Next week will mark the 72nd anniversary of the shelling by the newly created IDF of the Altalena, a ship bearing arms for the Irgun in the fight for Israel’s independence. Following the incident, the then-deputy chief of staff of the IDF gave sworn testimony accusing five senior members of the Irgun of treason. Shlomo Nakdimon, the author of a book about the Atlalena affair, argues that it’s high time that Israel formally clears their names:
The attorney general at the time, Yaakov Shapira, revealed that, “authorities considered arresting the detainees on charges of treason in the first place, but taking into account the seriousness of the charges and these daring times, authorities preferred to arrest them until they could no longer endanger the peace of the state of Israel again.” Although all five were sent home as if nothing had happened, they were left with a mark of disgrace. I raised the issue in my last letter to the former IDF chief of staff Gadi Eisenkot, requesting that their names be cleared.
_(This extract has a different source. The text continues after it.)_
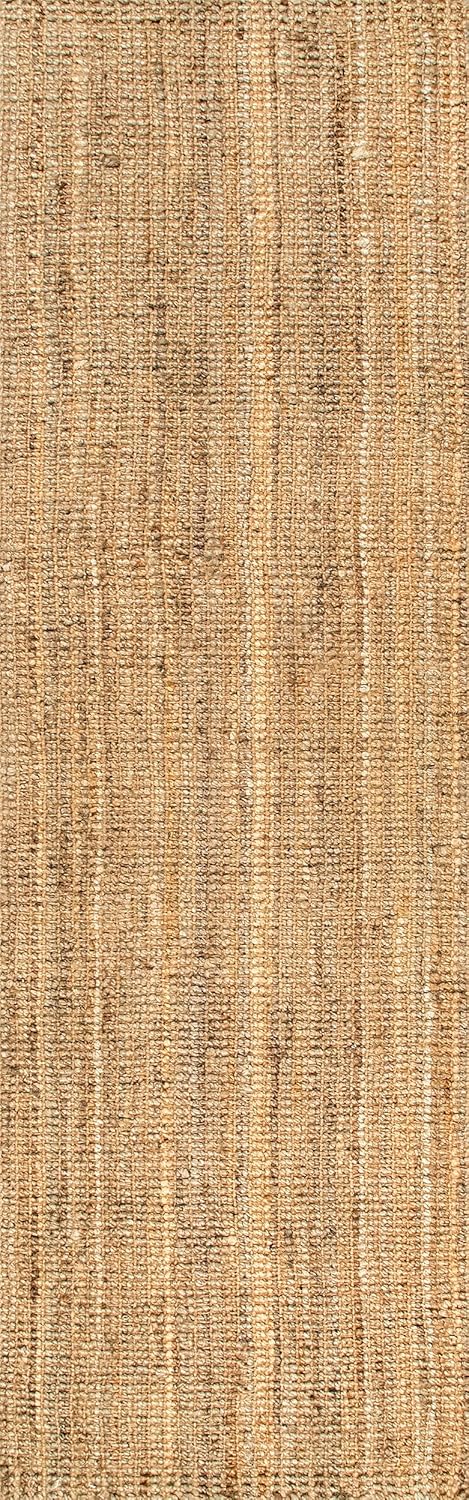 Nuloom Ashli Hand Woven, Natural, 2'6" x 12', Farmhouse, Jute, Soft and Textured, High Traffic, Stain Resistant, Easy Clean, Durable Runner for Bedroom, Living Room, Dining, Den, Foyer, Entryway
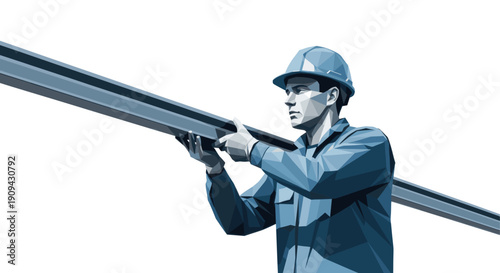 Low-poly vector illustration of a construction worker in a hard hat lifting a steel beam against a white background. Great for illustrating architecture, building, or industry.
The request was forwarded to the IDF’s Department of History and a month later, I received an answer from the chief of staff’s bureau, saying that, “the five Irgun fighters . . . were released to their homes without any criminal proceedings against them. The prime minister and defense minister, David Ben-Gurion, sought to integrate them in senior positions in the IDF, hence our understanding is that his conduct removed any blemish from them.”
The five were Yaakov Meridor, later Israel’s finance minister; Hillel Kook, a member of the first Knesset; his fellow Knesset member, and the Altalena’s captain, Eliyahu Lenkin; Bezalel Amitsur, who oversaw the integration of Irgun fighters in the IDF; and Moshe Ḥason, who did not enter public life.